The chamber choir Näsin Ääni presented by the concert host Meerika Ahlqvist
at Pyynikkisali 14.5.2014. Photo by Arto Ilkka Jalonen

The chamber choir Näsin Ääni conducted by Markus Yli-Jokipii
at Pyynikkisali 14.5.2014. Photo by Tuomo Kallioniemi

The chamber choir Näsin Ääni conducted by Markus Yli-Jokipii
at Pyynikkisali 14.5.2014. Photo by Arto Ilkka Jalonen

The second half of the concert didn’t have any speeches by the travel guide (Meerika) other than at the beginning and the end, and I could also sit in the audience and just enjoy the good work the choir had done with learning the pieces.
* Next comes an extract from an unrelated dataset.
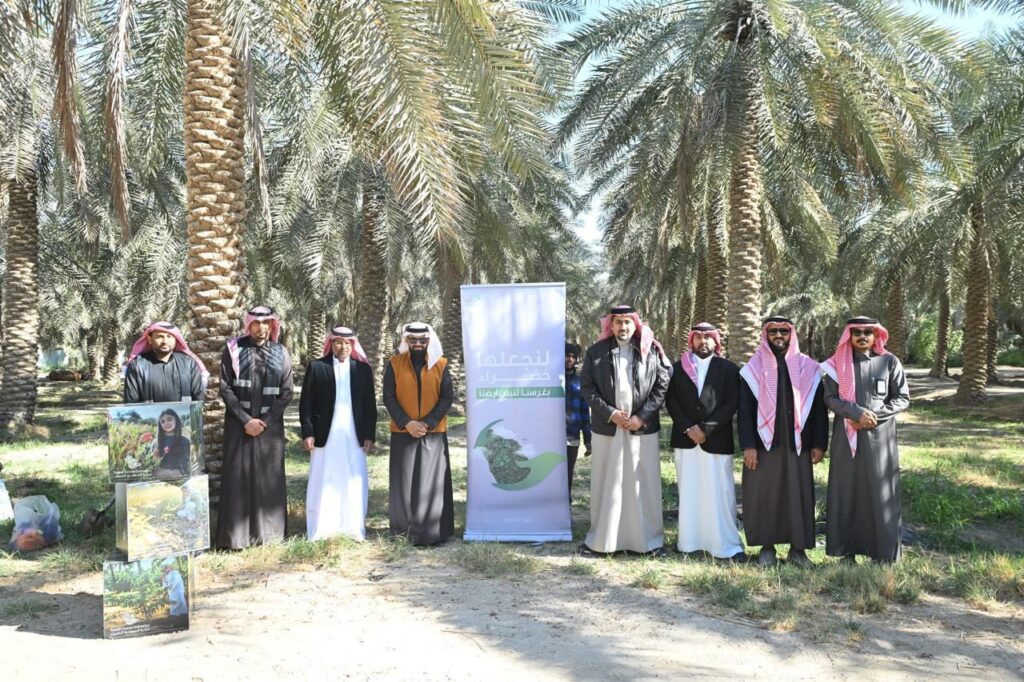 “بيئة الأحساء” تدشن المرحلة الثالثة لزراعة أشجار العود والصندل في المحافظة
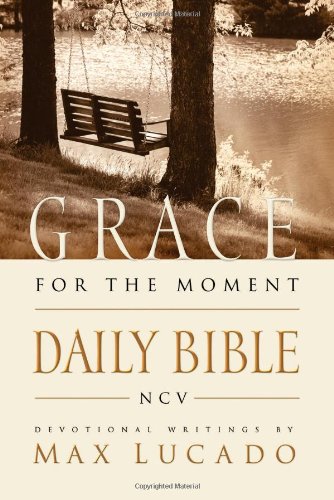 Imagen de archivo de Grace for the Moment Daily Bible-NCV a la venta por ThriftBooks-Atlanta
Min Gud the choir sang so well that I got cold shivers many times during the piece. Afterwards Meerika thanked the audience and also I went on stage and thanked everyone who had been involved in the concert. I hate giving speeches but I am really greatful to everyone who has helped me make this happen. I’m also very happy there came such a large audience, there must have been around 200 people or more in the audience! That is a large amount for a contemporary music concert by an unknown young composer, and I am very honored that so many could come.

The chamber choir Näsin Ääni thankin Cecilia Damström for the collaboration
at the concert "Landet som icke är" 14.5.2014 in Pyynikkisali.
Photo by Tuomo Kallioniemi

Cecilia Damström thanking everyone who has been part of her composer recital
"Landet som icke är" 14.5.2014 in Pyynikkisali, Tampere.

After the concert so many people stayed to thank me and I was so happy and greatful and relieved (and hungry and exhausted), everything at the same time! My aunt had come all the way from Helsinki and she had brought along my uncle (her husband) and also her boss! I was so flattered they all three had come to Tampere for my sake! And my mother and father and grandmother as well!

And so many of my friends from the Catholic church came as well, among others Natalja and Father Stan and many more. And many many friends from my school of course who all faithfully waited for me (about half an hour!) to give me a hug and a thank you! I was so overwhelmed that I can hardly remember who was there, but I was incredibly happy!